Trojan Horse Charges PDAs


UPDATED:
The world of viruses finally reached out and touched handheld computers
Thursday with Symantec and Kaspersky Labs reporting a backdoor Trojan horse
program that can take control over a mobile device.


The program, known as Backdoor.Brador.A, attacks PDAs running the Windows CE
operating system. Once installed, the program activates when the PDA is
restarted and begins to search for a remote administrator to take control of
the machine.


In a security alert, Symantec calls Brador the first known Windows Mobile
backdoor Trojan horse. The security firm says the program, like all
backdoors, cannot spread by itself. Backdoors arrive as an e-mail attachment
and must be downloaded from the Internet.

“We’re not seeing it widely and its only effected a very, very small number
of systems,” Oliver Friedrichs, a senior manager for Symantec’s security
response team. “The significance is that it is the first to attack CE
Windows.”


Friedrichs said it is hardly surprising that viruses would make their way to
mobile devices.


“It’s a natural trend. Where technology goes, viruses will follow,” he said.
“The perception is that as new technology moves into the mobile market,
these threats will move in that direction also.”


Kaspersky Labs said Brador was probably written by a Russian virus coder
since it was attached to an e-mail with a Russian sender address and
contained Russian text.

Eugene Kaspersky, head of anti-virus research at Kaspersky
Labs, was expecting a PDA attack given the recent attacks against other mobile devices.

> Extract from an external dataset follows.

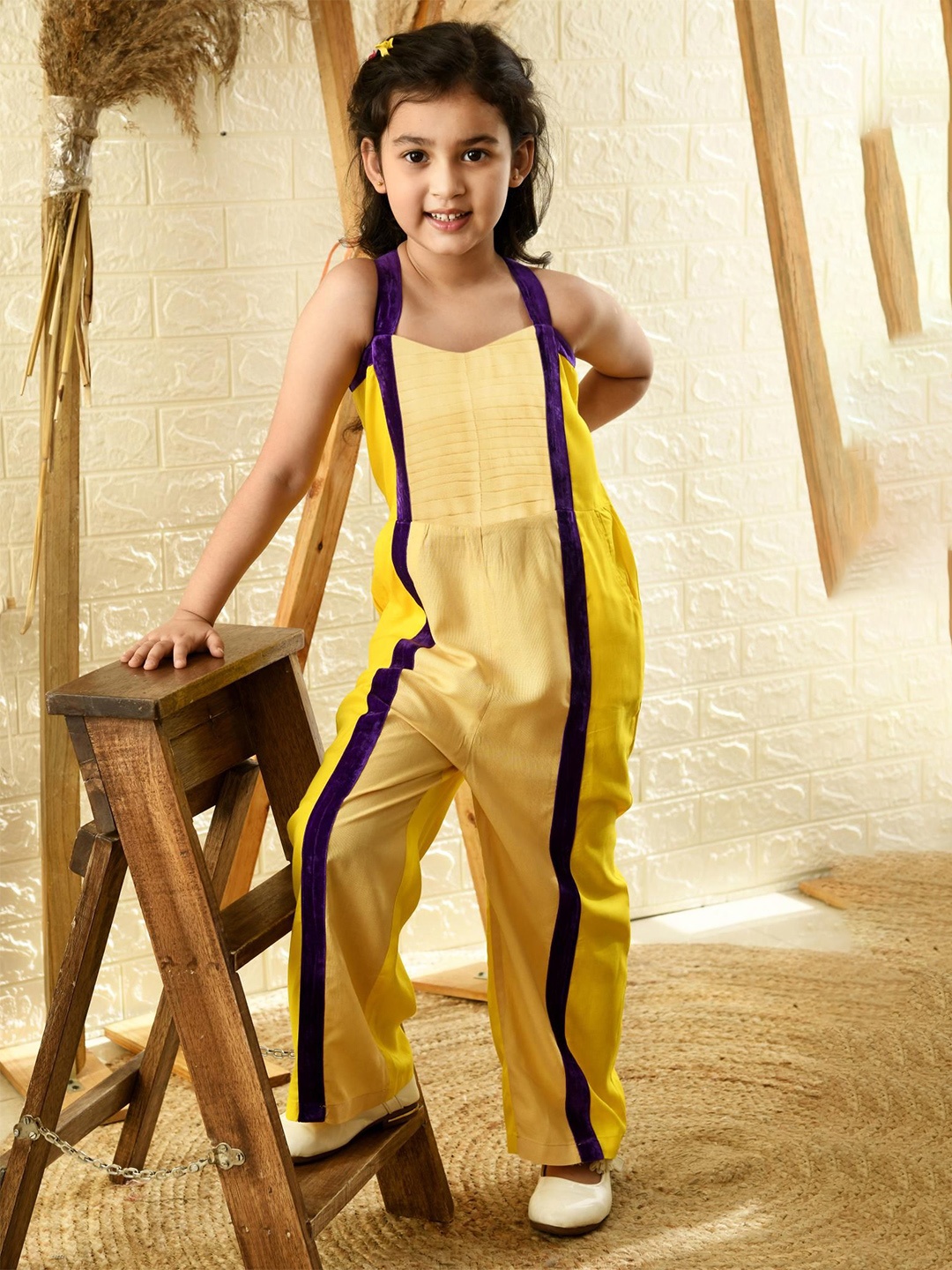 

RANJ Girls Basic Jumpsuit, Yellow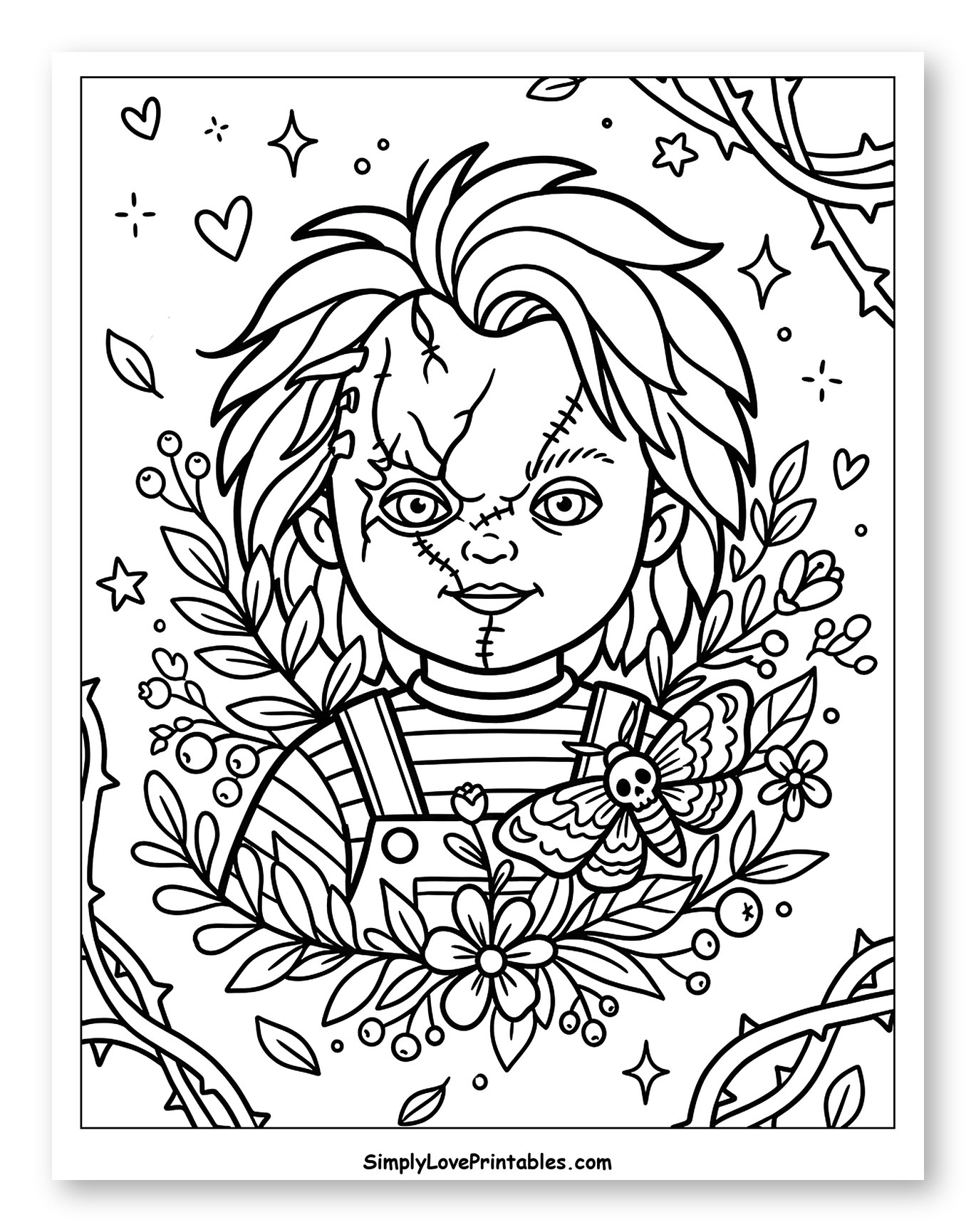 Whimsical Chucky Doll in a Nature Frame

“We were certain that a viable malicious program for PDAs would appear soon
after the first proof of concept viruses emerged for mobile phones and
Windows Mobile,” said Kaspersky in a statement. “[The program] is a full-scale malicious program
ready to go; unlike proof of concept malware, Brador has a complete set of
destructive functions typical for backdoors.”


The Russian security firm added that the author is
offering to sell the client portion of Brador to all interested parties,
increasing the likelihood the backdoor will be used commercially.


“PDA users face a real danger and we can be sure that the computer
underground will snatch at the chance to attack PDAs and mobile phones in
the near future,” Kaspersky said. “Malware development for mobiles is
passing through the same stages as malware for desktops. We’ll probably see
a serious outbreak of viruses for handhelds sometime soon.”


Symantec, which rated Brador’s threat containment and removal as “easy,” has
updated
its database to deal with the virus.


Last month, Kaspersky Labs detected
the first computer virus spreading via cell phone networks.